Thursday, July 15, 2021

No Talking. No Texting. No Breathing: Al Morir La Matinée (2020)

Al Morir La Matinée (Uruguay/Argentina, 2020) (AKA "Red Screening", "The Last Matinee", "Bloody Matinee")
Rating: ****
Starring: Ricardo Islas, Luciana Grasso and Franco Duran

Sometimes you don't have to flex a high concept to make a fun horror movie. Sometimes you could just work it out with some guy with a bag full of tools, a fairly sizable bodycount and set of gnarly kills, all taking place in a old school movie theater. 

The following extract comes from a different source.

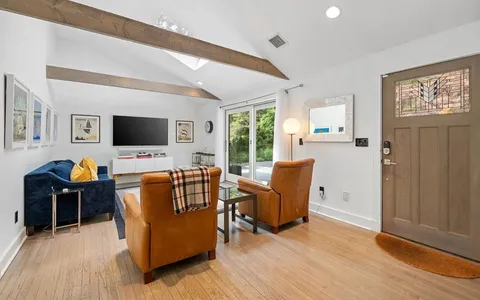 $1,795,000 | 94 Hands Creek Road, East Hampton, NY 11937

It's a rainy day in 1993 and young projectionist Ana (Luciana Grasso) is taking over her emphysema-stricken father's shift at the Cine Opera downtown theater, which is mostly empty that day. The few patrons who are staying, though, are treating themselves with a showing of Frankenstein, The Monster (With clips taken from Frankenstein: Day of the Beast (2011)) all the while going on with their own shenanigans of hooking up with girls, giving their dates a hand and, for one kid, sneaking in to brave a movie that might be too scary for him. Unbeknown to them all, a gloved maniac is staying in the very same theater and he has set his eyes on killing them all.

While it isn't new to have a slasher film set in a movie theater seeing we have titles like The Meateater (1979), Movie House Massacre (1984)Anguish (1987), and Matinee (1989) already, as well as a few horror titles opening with a murder taking place in crowded theaters such as He Knows You're Alone (1980) and Scream 2 (1997), none of them really took the sleek and gory approach as good as Al Morir La Matinée (2020). Basically, the film's direction is to have the hack and stab elements stripped down to its very core, a throwback of sorts with a simple premise and somewhat okay characters being themselves while a killer picks them off one by one. It never strays away from this approach. No twists or curveballs. Just have a psycho stalk the cinema and murder away anyone he can grab hold on to.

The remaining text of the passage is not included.